Issue (i): Whether the first part of clause 25 of the Rajasthan Foodgrains Control Order, 1949, authorising freezing of foodgrains stocks, was a valid restriction on the right to carry on trade under Article 19(1)(g) of the Constitution.
Analysis: The power to freeze stocks was read with the policy underlying section 3 of the Essential Supplies Act, 1946, which authorises regulation of production, supply, distribution, storage and disposal of essential commodities in order to secure equitable distribution and availability at fair prices. In that setting, freezing of foodgrains stocks was held to be reasonably related to the statutory object and not arbitrary. The absence of express grounds for freezing did not, by itself, invalidate the provision.
Conclusion: The first part of clause 25 was upheld and was not void under Article 19(1)(g).

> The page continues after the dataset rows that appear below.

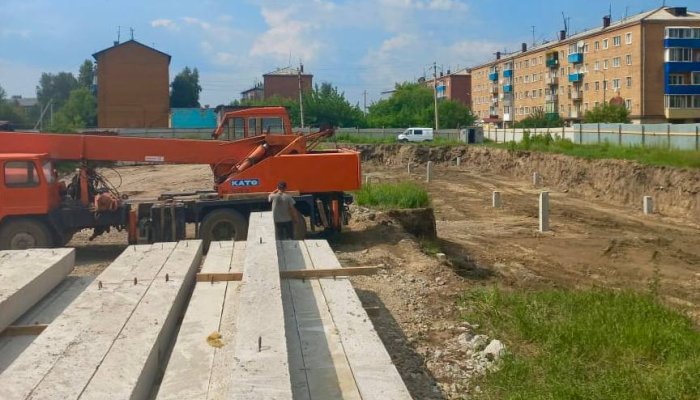 В Зиме строят дом для переселенцев из аварийного жилья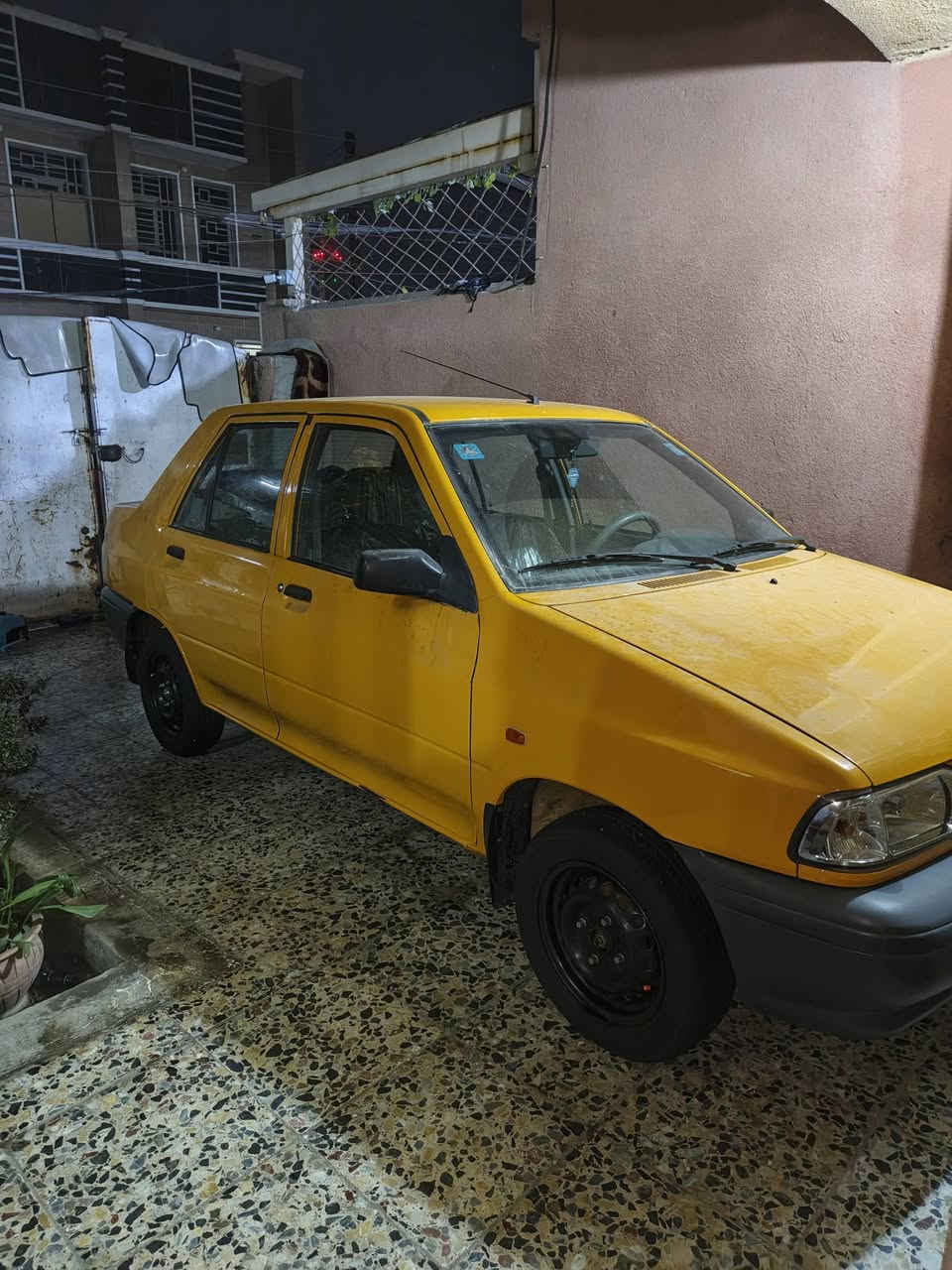 السلام عليكم سايبة2024 ماشية 28الف حقيقي مكفولة من الصبغ والتبديل ماعدا بارد شبر بلدوسة بدون صبغ ورصعتين باب السايق سبير منازل وعدة ممستخدمة جديدة ومنضومة غاز كير مكينة صدر كلة وضع شركه سيارة جديدة  السعر 73 و بيهة مجال مكاني بغداد الشعب شارع الصحه للاستفسار ***********
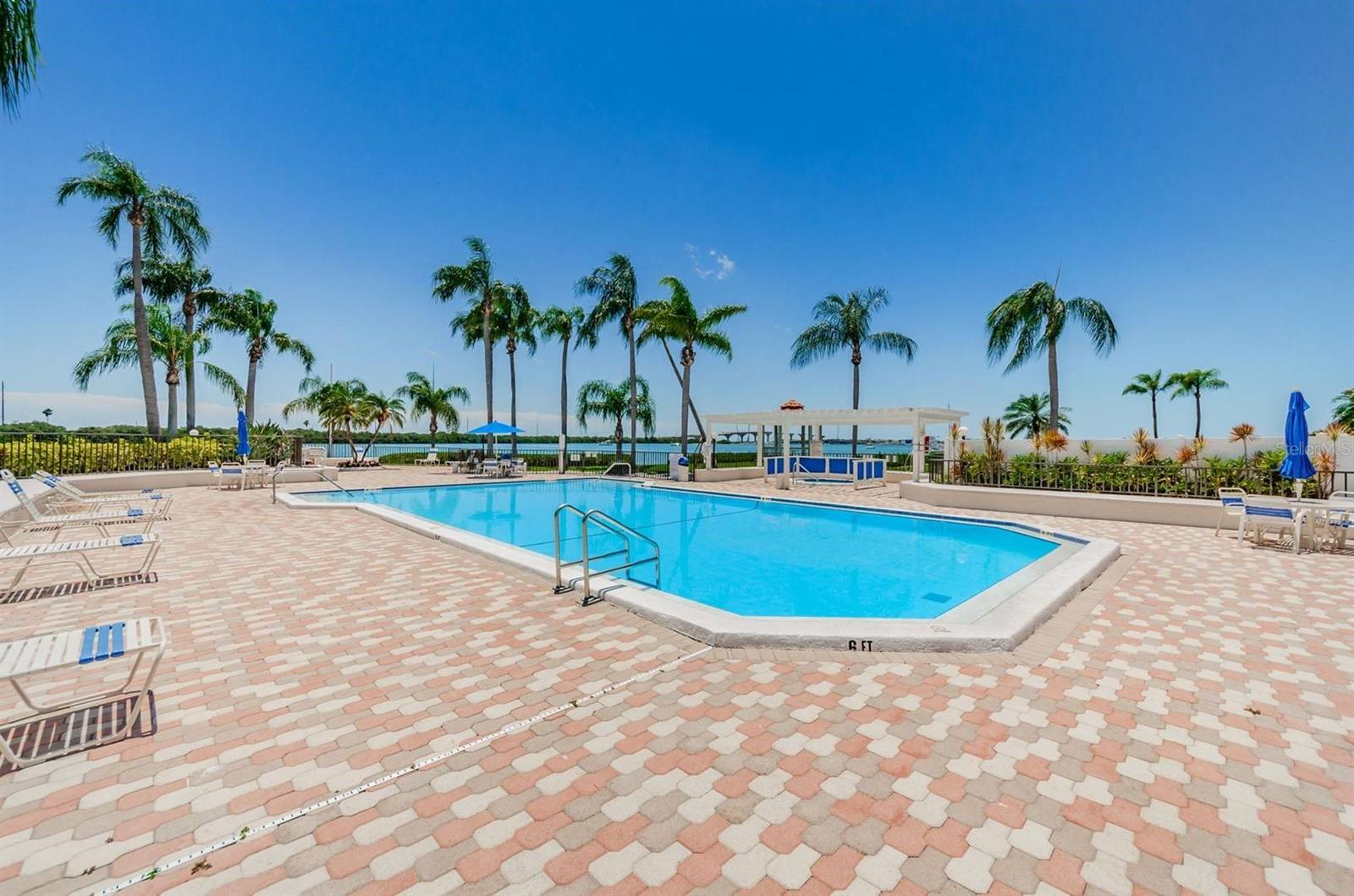 6295 BAHIA DEL MAR CIR #204, ST PETERSBURG, FL, 33715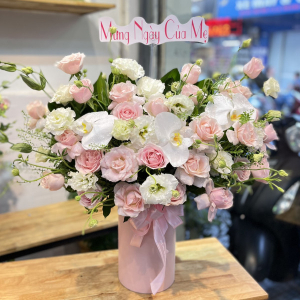 Lẵng hoa hồng mix lan trắng mừng sinh nhật mẹ cao cấp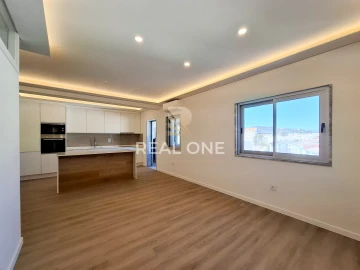 Apartamento T3 para Venda em Loule (São Clemente)
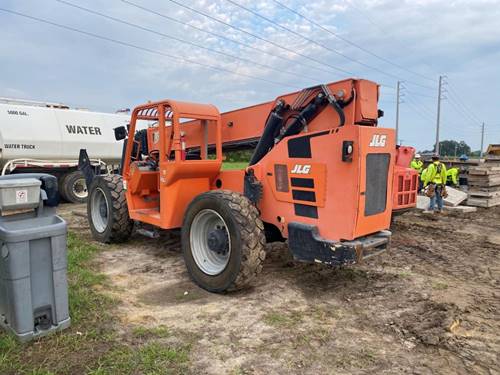For Rent 10000 lbs - 54' lift -  Diesel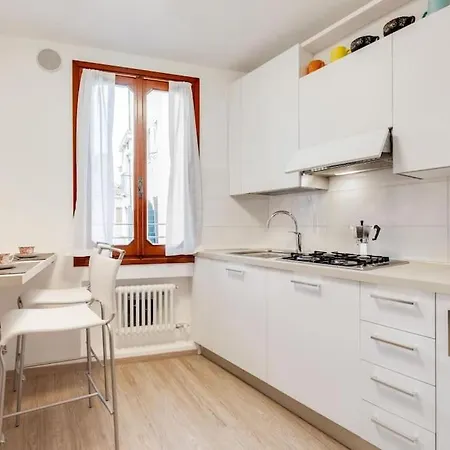 Piazza San Marco Cozy X4 Apartment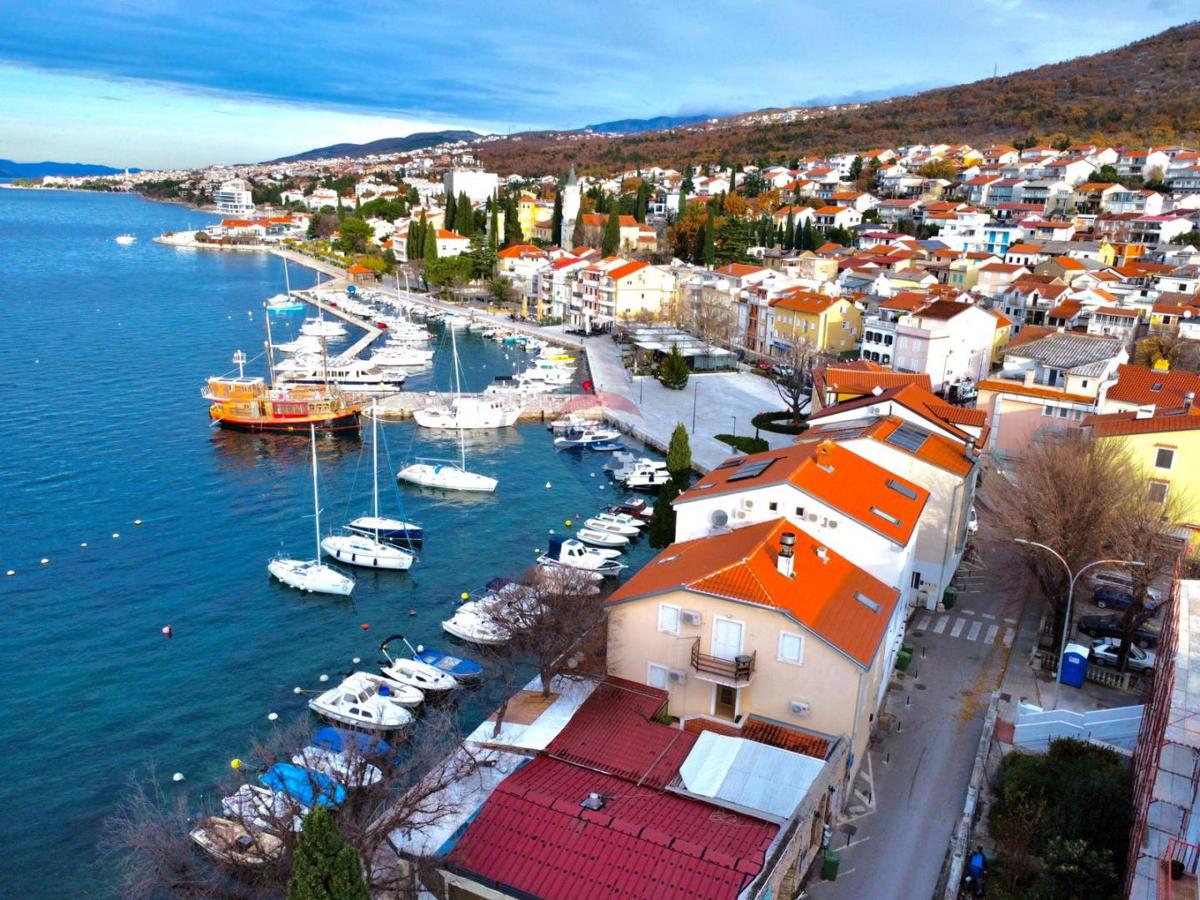 Crikvenica, Selce – casa con spazio commerciale, prima fila sul mare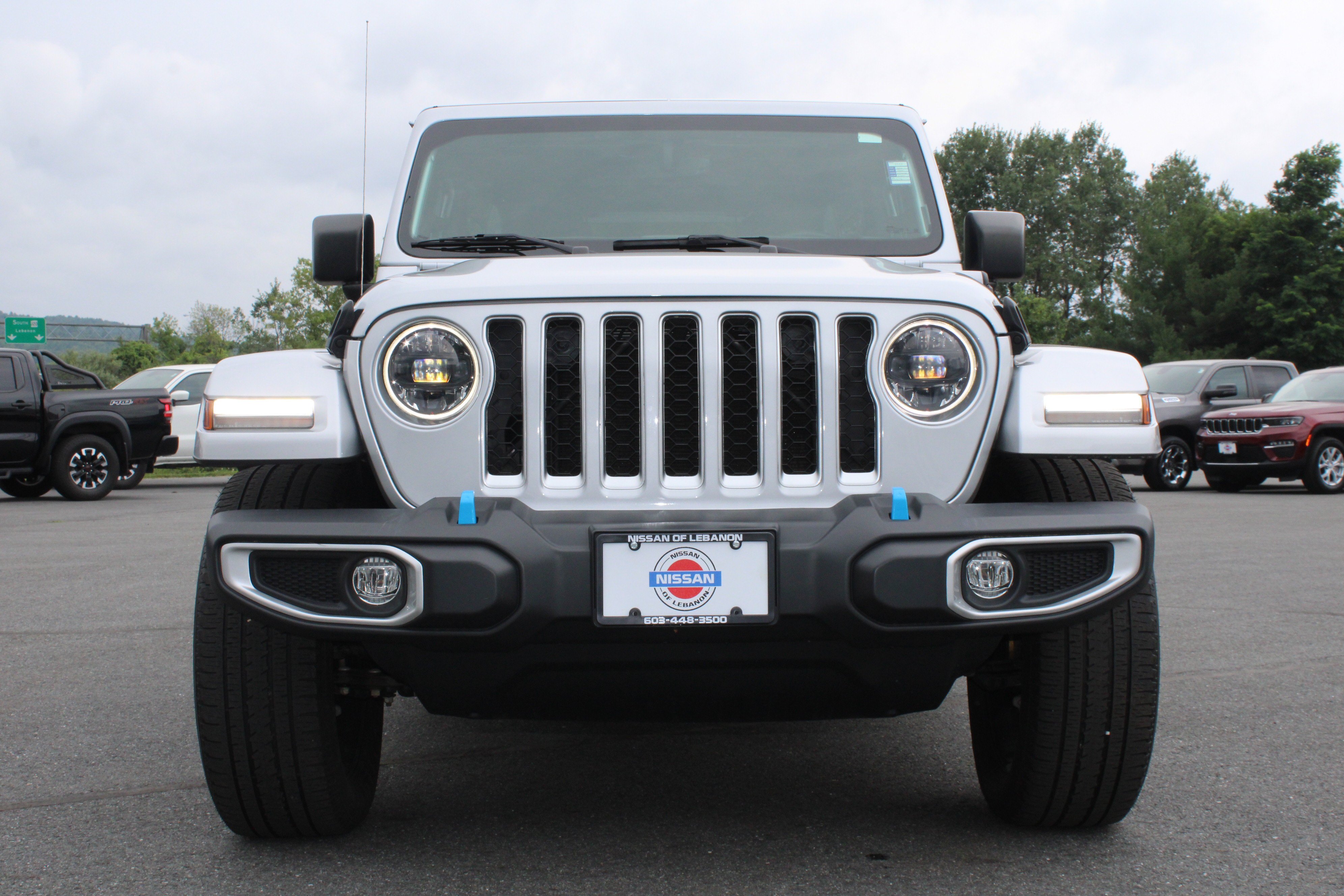 Used 2023 Silver Zynith Clearcoat Jeep Sahara image 3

Issue (ii): Whether the last part of clause 25, empowering requisition or disposal of the frozen stocks at the Government procurement rate, was void for violating Articles 19(1)(g) and 31(2) of the Constitution.
Analysis: The impugned words left the price entirely to executive discretion without fixing compensation or prescribing principles for its determination. This enabled requisition at a rate lower than the market or ceiling price and imposed a serious and unreasonable burden on traders, while permitting the Government to profit from the same stocks. The provision was therefore held to impose an unreasonable restriction on trade and, in addition, to offend Article 31(2) because it failed to provide fair compensation or the principles for determining it.
Conclusion: The last part of clause 25 was void as against the respondent.
Final Conclusion: The appeal failed because only the severable opening portion of clause 25 survived constitutional scrutiny, while the provision authorising requisition or disposal at the procurement rate was struck down as unconstitutional.
Ratio Decidendi: A control order that permits freezing of essential commodity stocks to secure equitable distribution and fair prices may be valid, but a provision authorising acquisition of those stocks at an undefined or arbitrarily fixed price without compensation principles is an unreasonable restriction on trade and violates the constitutional guarantee against deprivation without fair compensation.